Defining Modality Specifications for Target VLA Models
Different VLA architectures consume different tensor shapes, coordinate frames, and normalization schemes. Mismatches between your dataset schema and the target model's dataloader are the leading cause of wasted collection effort. RT-2 expects a single 320×256 RGB image (uint8, RGB channel order) and a tokenized language instruction (T5-XXL embeddings)[6]. Octo requires a primary RGB image at 256×256, an optional wrist image at 128×128, and proprioceptive state as a 7-DoF end-effector pose (position + quaternion)[7].
Diffusion Policy expects 2-3 camera views at 96×96 to 256×256 resolution, joint-space proprioception (7-14 DoF depending on arm), and joint-space actions[8]. OpenVLA uses a single 224×224 RGB image, language instruction, and 7-DoF delta end-effector actions in the base frame[3]. Create a modality specification table before collection: modality name, tensor shape, dtype, units, coordinate frame, sampling rate, and which models require it. For example: `rgb_primary: (256,256,3) uint8 BGR, 10 Hz, base frame, required by RT-2/Octo/OpenVLA`.
Coordinate frame consistency prevents silent training failures. End-effector poses must reference a stable base frame (robot base link or world origin), not the camera frame. Joint angles must follow the URDF joint order. RLDS enforces a `steps` schema where `observation` and `action` tensors share a common timestamp, but does not validate coordinate frames — that responsibility falls on the data collector[9].
Teleoperation Hardware and Task Design
Teleoperation interfaces determine data quality and collection throughput. ALOHA uses leader-follower arms for bimanual tasks, achieving 20-30 demonstrations per hour for kitchen assembly tasks[10]. DROID deployed a custom 6-DoF SpaceMouse interface with force feedback, enabling 350 trajectories per day across 10 operators[2]. VR controllers (Meta Quest, HTC Vive) provide intuitive 6-DoF control but introduce latency (30-50 ms) that degrades fine manipulation quality.
Task diversity drives generalization. BridgeData V2 collected 60,000 trajectories across 24 tasks (pick, place, open, close, wipe) in 13 kitchen environments, varying object poses, lighting, and distractor objects[5]. Open X-Embodiment required contributors to provide ≥3 environment variations per task and ≥5 object variations per manipulation primitive[1]. Single-scene datasets produce policies that overfit to background textures and fail in novel environments.

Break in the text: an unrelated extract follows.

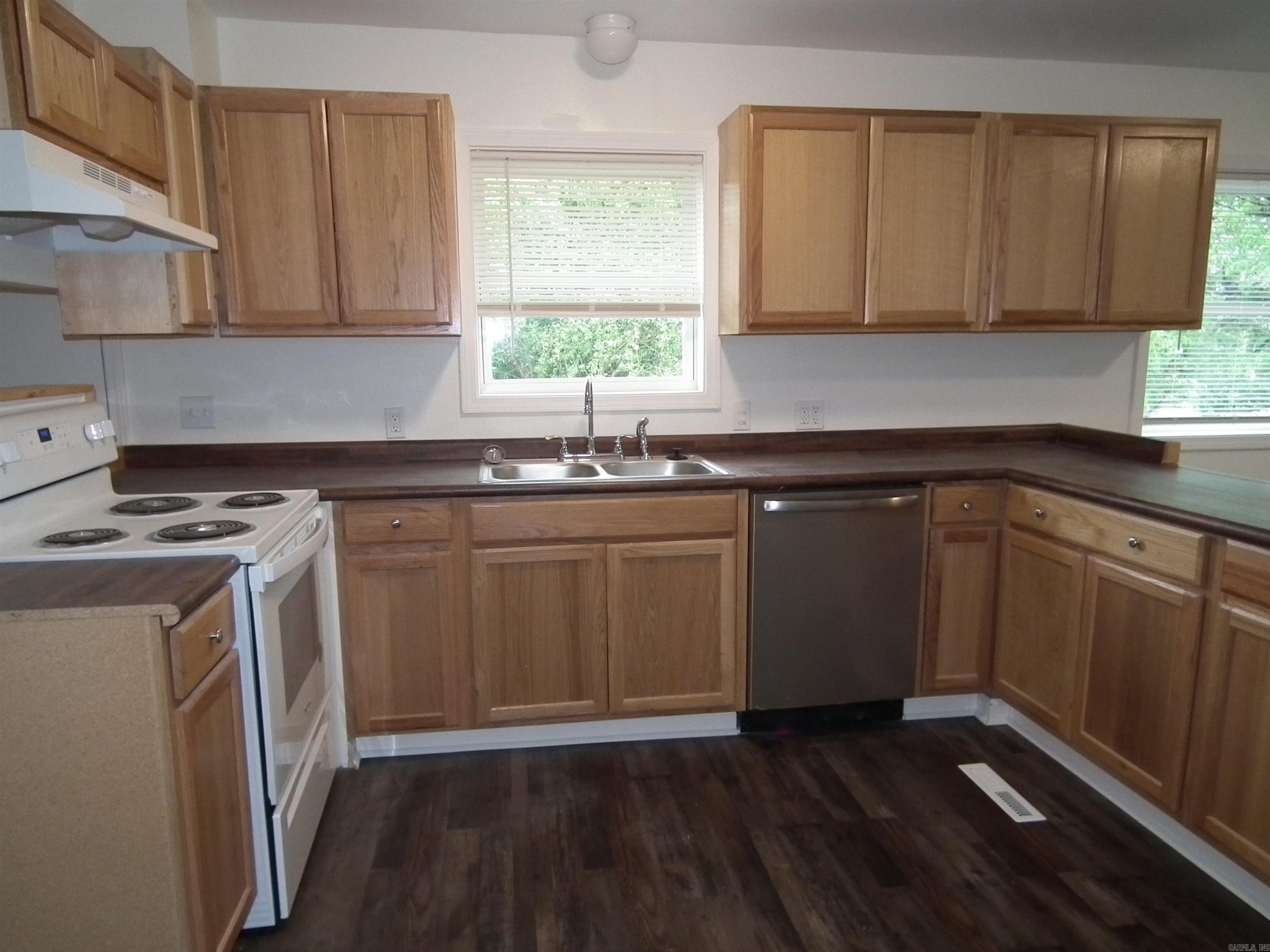 209 W Sugarloaf  Heber Springs, AR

Language annotation workflows must scale with trajectory volume. RT-1 used a two-stage process: operators recorded free-form descriptions during teleoperation, then annotators post-hoc normalized them into 700 canonical instructions[4]. LeRobot provides a web UI for bulk annotation, supporting template-based instructions (`pick up the {object}`) and free-form descriptions. Aim for 3-5 language variations per task to prevent models from memorizing exact phrasings.
Recording Pipelines: ROS Bags, MCAP, and HDF5
ROS 2 bags are the de facto standard for real-time multimodal recording. The `rosbag2` CLI records all topics to an SQLite3 database with per-message timestamps, supporting playback and topic filtering[11]. MCAP is a columnar container format designed for robotics logs, offering 3-5× faster read performance than ROS bags and native support for Protobuf, JSON, and custom schemas[12]. rosbag2_storage_mcap enables transparent MCAP recording via ROS 2 without code changes.
HDF5 provides hierarchical storage for post-processed datasets. HDF5 groups organize episodes as `/episode_000001/observations/rgb_primary`, `/episode_000001/actions`, etc., with chunked compression (gzip level 4) reducing storage by 60-80% for image data[13]. LeRobot datasets use HDF5 for local storage and convert to Parquet for Hugging Face Hub uploads, balancing random-access performance with cloud compatibility[14].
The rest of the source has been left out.